• Work task:
Exclude the pictures and transcribe the rest of the data below exactly.

== Segment start ==

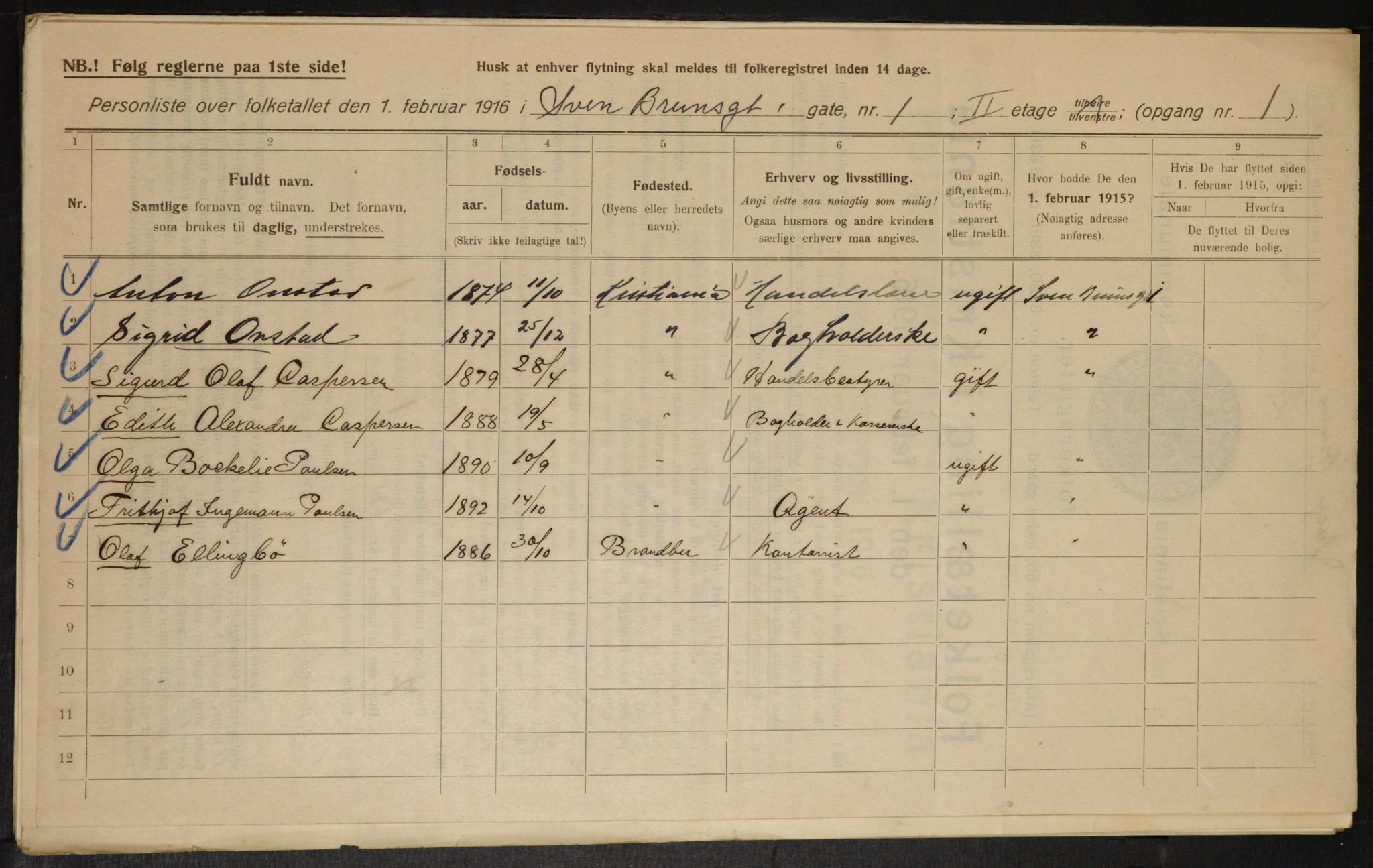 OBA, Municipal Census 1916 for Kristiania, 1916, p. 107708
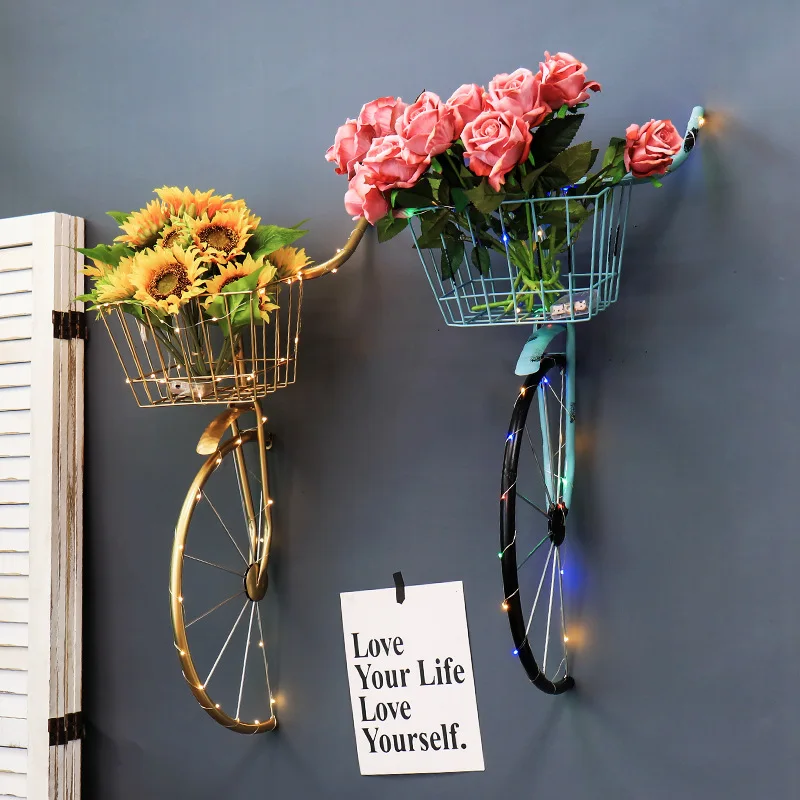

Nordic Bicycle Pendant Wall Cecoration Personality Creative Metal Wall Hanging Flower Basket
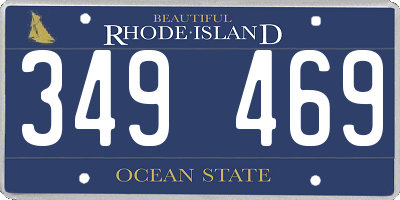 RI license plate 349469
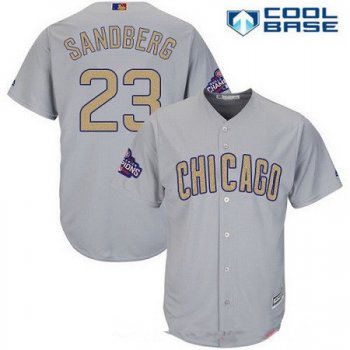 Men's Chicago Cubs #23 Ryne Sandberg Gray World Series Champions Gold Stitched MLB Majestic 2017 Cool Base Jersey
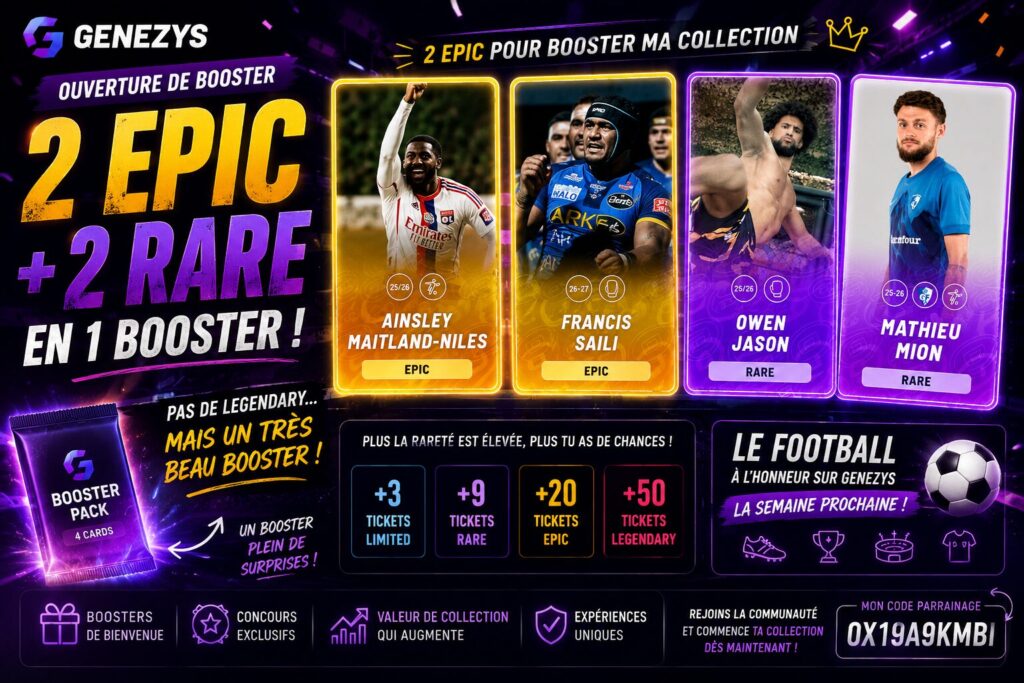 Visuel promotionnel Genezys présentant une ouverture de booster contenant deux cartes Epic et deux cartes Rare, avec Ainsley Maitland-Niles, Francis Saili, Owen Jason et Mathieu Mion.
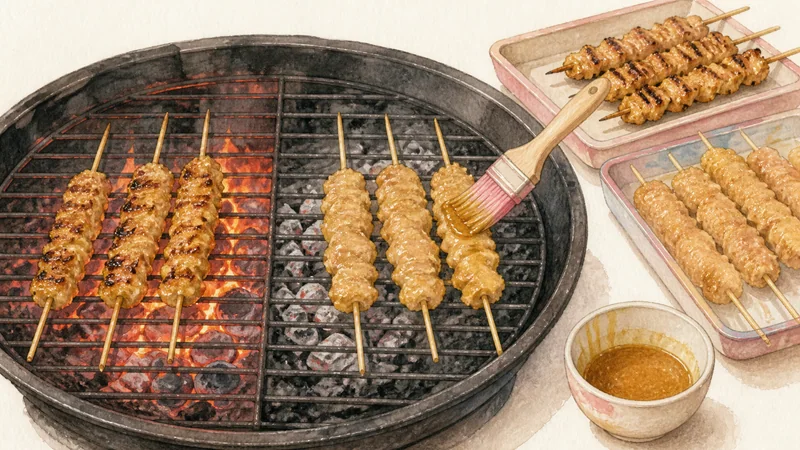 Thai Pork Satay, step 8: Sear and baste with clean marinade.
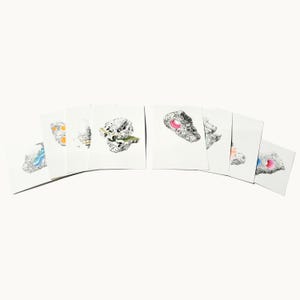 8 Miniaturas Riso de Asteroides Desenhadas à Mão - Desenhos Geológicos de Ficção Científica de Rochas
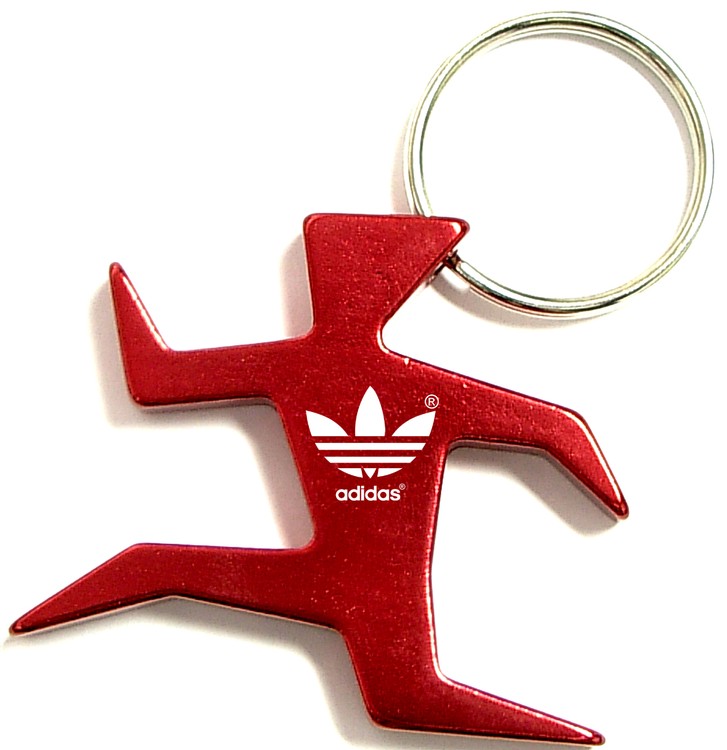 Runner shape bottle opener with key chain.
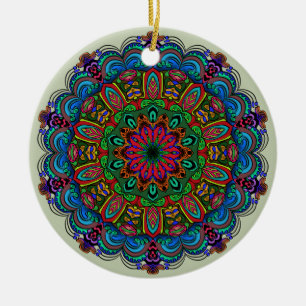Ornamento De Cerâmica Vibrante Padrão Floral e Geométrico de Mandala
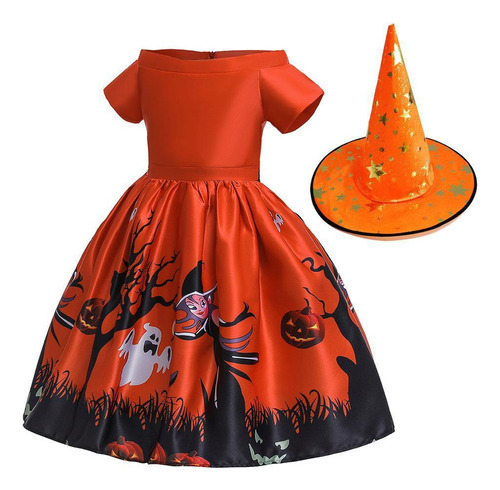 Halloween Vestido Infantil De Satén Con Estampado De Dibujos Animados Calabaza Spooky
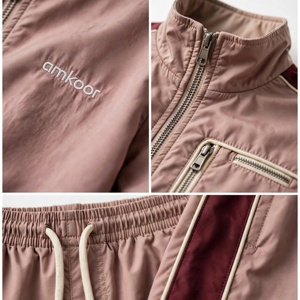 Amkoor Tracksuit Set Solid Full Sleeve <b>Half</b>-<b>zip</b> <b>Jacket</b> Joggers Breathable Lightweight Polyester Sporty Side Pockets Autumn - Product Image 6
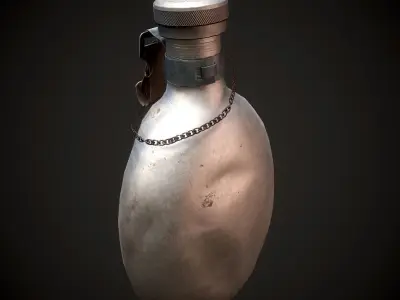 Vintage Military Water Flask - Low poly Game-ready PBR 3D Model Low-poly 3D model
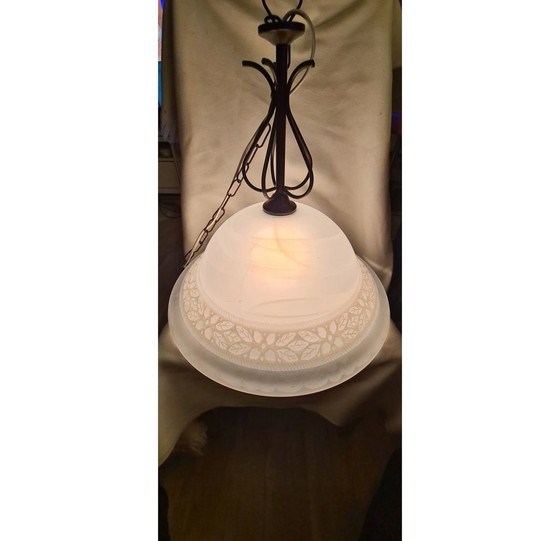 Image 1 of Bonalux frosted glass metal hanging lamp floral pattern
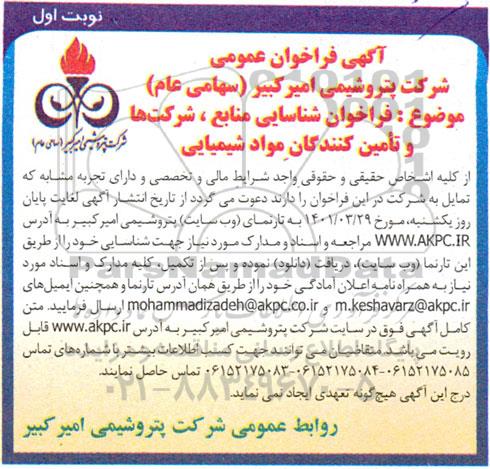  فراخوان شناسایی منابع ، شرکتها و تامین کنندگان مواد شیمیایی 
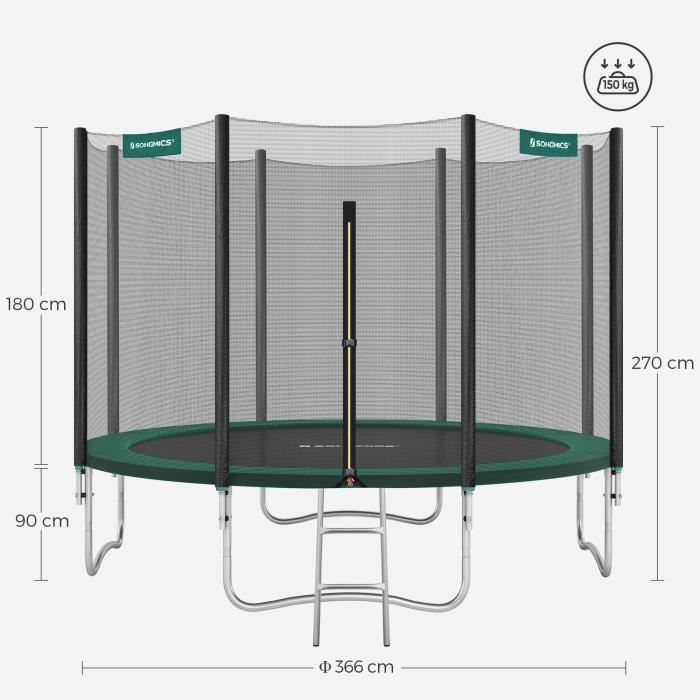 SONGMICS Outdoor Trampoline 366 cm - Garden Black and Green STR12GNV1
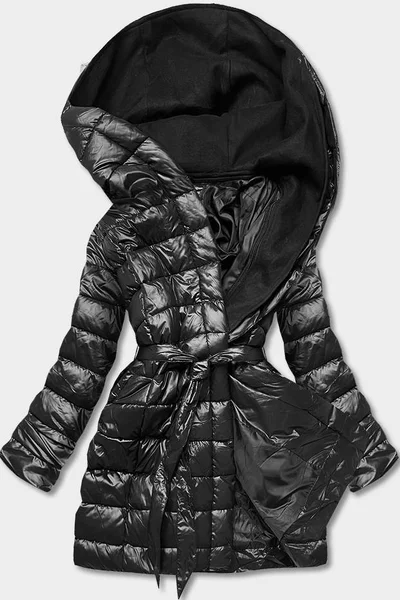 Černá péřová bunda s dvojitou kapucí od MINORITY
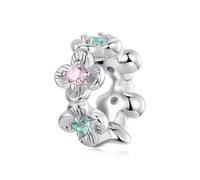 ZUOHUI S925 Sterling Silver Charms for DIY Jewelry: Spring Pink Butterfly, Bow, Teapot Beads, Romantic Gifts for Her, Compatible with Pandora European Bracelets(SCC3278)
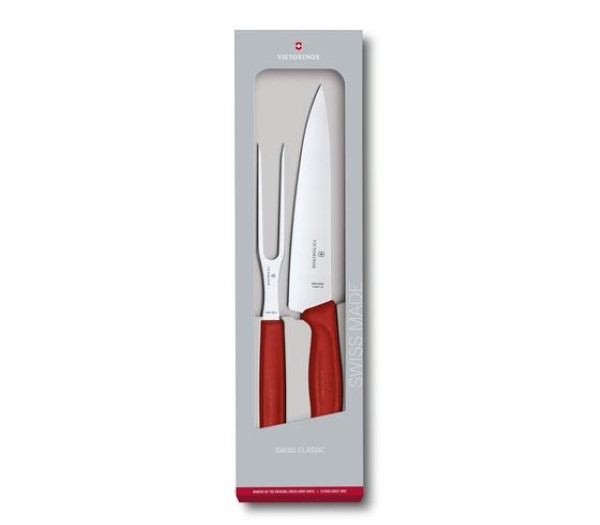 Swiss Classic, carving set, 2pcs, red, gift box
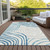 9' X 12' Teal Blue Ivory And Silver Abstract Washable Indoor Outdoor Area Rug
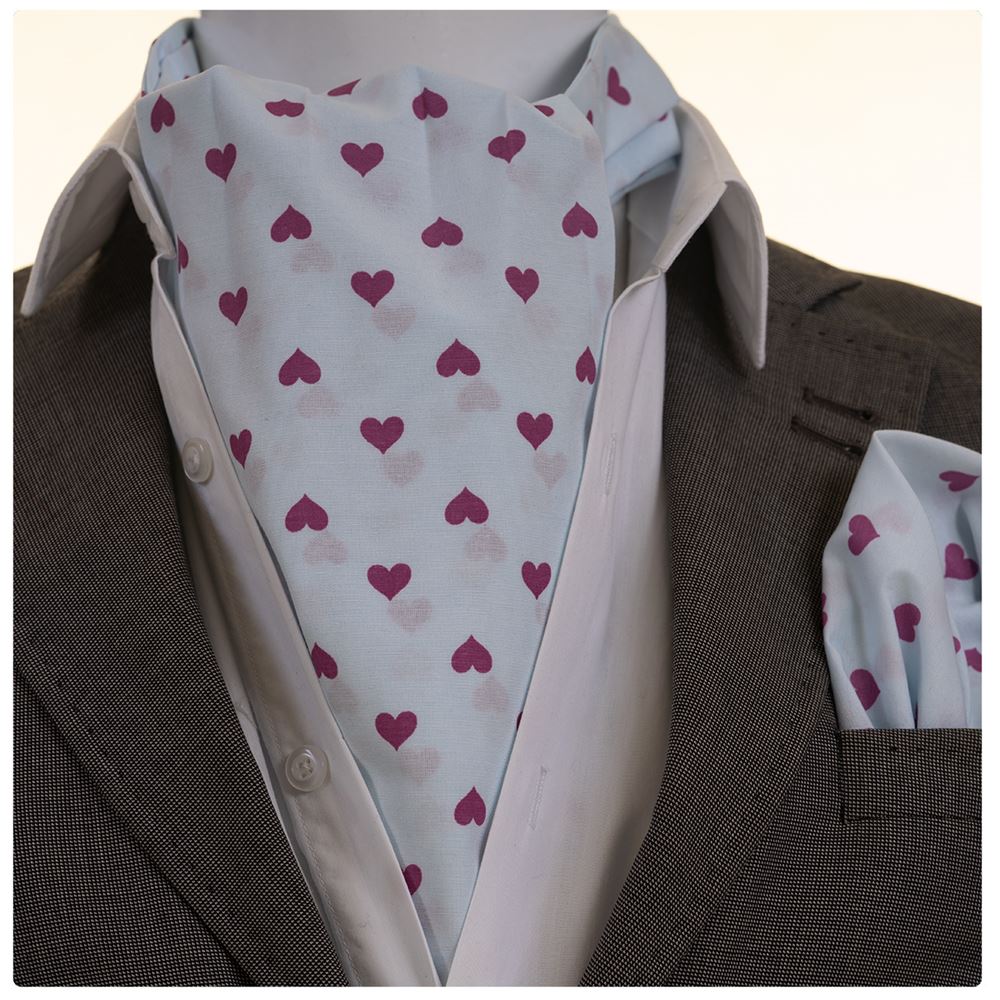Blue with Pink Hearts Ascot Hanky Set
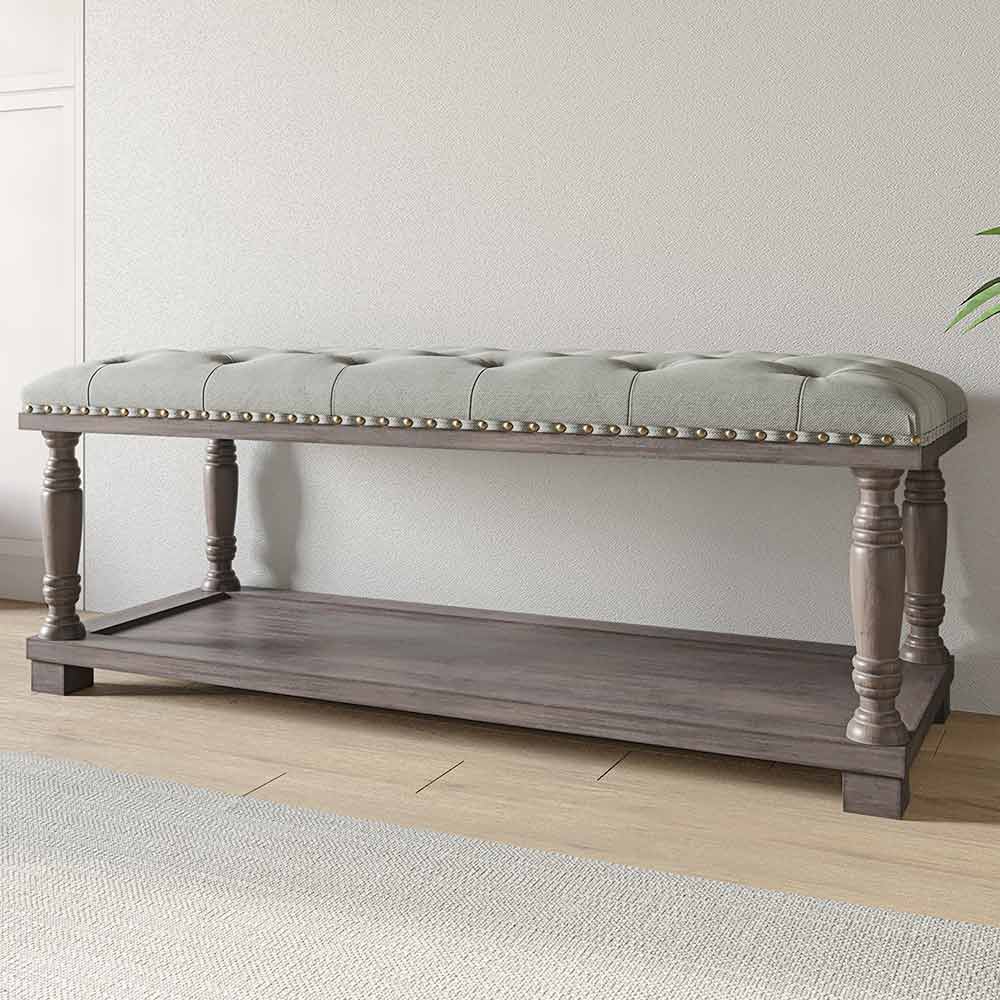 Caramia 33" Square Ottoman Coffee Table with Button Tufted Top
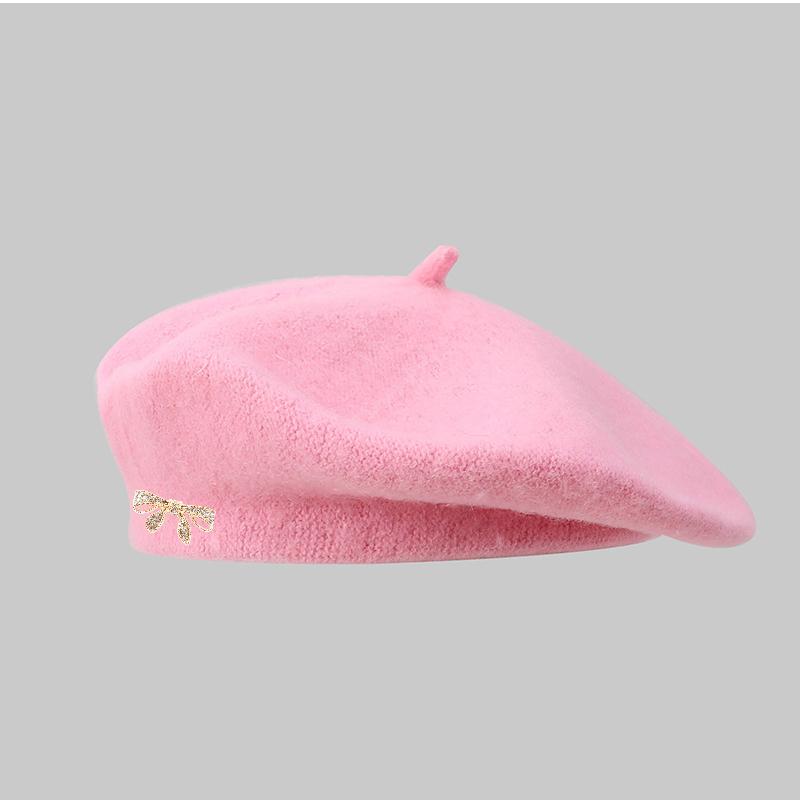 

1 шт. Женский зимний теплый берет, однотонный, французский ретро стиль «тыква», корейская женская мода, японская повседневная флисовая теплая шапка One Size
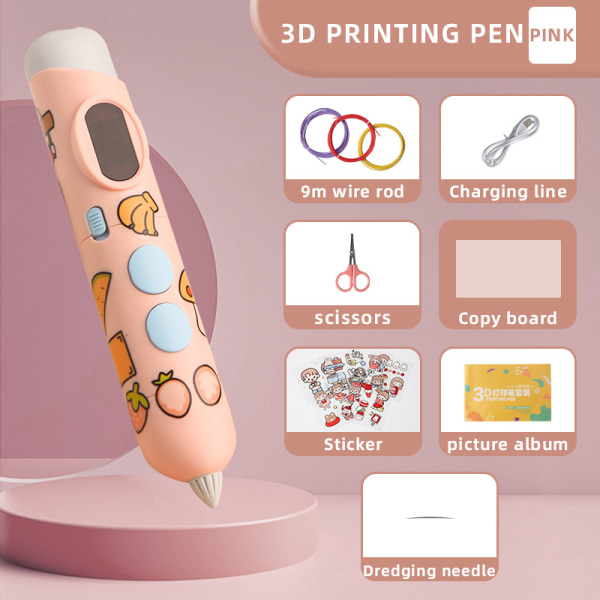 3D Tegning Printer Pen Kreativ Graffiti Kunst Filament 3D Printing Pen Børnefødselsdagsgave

== Segment end ==

• Result of the task:
 OBA, Municipal Census 1916 for Kristiania, 1916, p. 107708

Nordic Bicycle Pendant Wall Cecoration Personality Creative Metal Wall Hanging Flower Basket
 RI license plate 349469
 Men's Chicago Cubs #23 Ryne Sandberg Gray World Series Champions Gold Stitched MLB Majestic 2017 Cool Base Jersey
 Visuel promotionnel Genezys présentant une ouverture de booster contenant deux cartes Epic et deux cartes Rare, avec Ainsley Maitland-Niles, Francis Saili, Owen Jason et Mathieu Mion.
 Thai Pork Satay, step 8: Sear and baste with clean marinade.
 8 Miniaturas Riso de Asteroides Desenhadas à Mão - Desenhos Geológicos de Ficção Científica de Rochas
 Runner shape bottle opener with key chain.
Ornamento De Cerâmica Vibrante Padrão Floral e Geométrico de Mandala
 Halloween Vestido Infantil De Satén Con Estampado De Dibujos Animados Calabaza Spooky
 Amkoor Tracksuit Set Solid Full Sleeve <b>Half</b>-<b>zip</b> <b>Jacket</b> Joggers Breathable Lightweight Polyester Sporty Side Pockets Autumn - Product Image 6
 Vintage Military Water Flask - Low poly Game-ready PBR 3D Model Low-poly 3D model
 Image 1 of Bonalux frosted glass metal hanging lamp floral pattern
  فراخوان شناسایی منابع ، شرکتها و تامین کنندگان مواد شیمیایی 
 SONGMICS Outdoor Trampoline 366 cm - Garden Black and Green STR12GNV1
 Černá péřová bunda s dvojitou kapucí od MINORITY
 ZUOHUI S925 Sterling Silver Charms for DIY Jewelry: Spring Pink Butterfly, Bow, Teapot Beads, Romantic Gifts for Her, Compatible with Pandora European Bracelets(SCC3278)
 Swiss Classic, carving set, 2pcs, red, gift box
 9' X 12' Teal Blue Ivory And Silver Abstract Washable Indoor Outdoor Area Rug
Blue with Pink Hearts Ascot Hanky Set
 Caramia 33" Square Ottoman Coffee Table with Button Tufted Top

1 шт. Женский зимний теплый берет, однотонный, французский ретро стиль «тыква», корейская женская мода, японская повседневная флисовая теплая шапка One Size
 3D Tegning Printer Pen Kreativ Graffiti Kunst Filament 3D Printing Pen Børnefødselsdagsgave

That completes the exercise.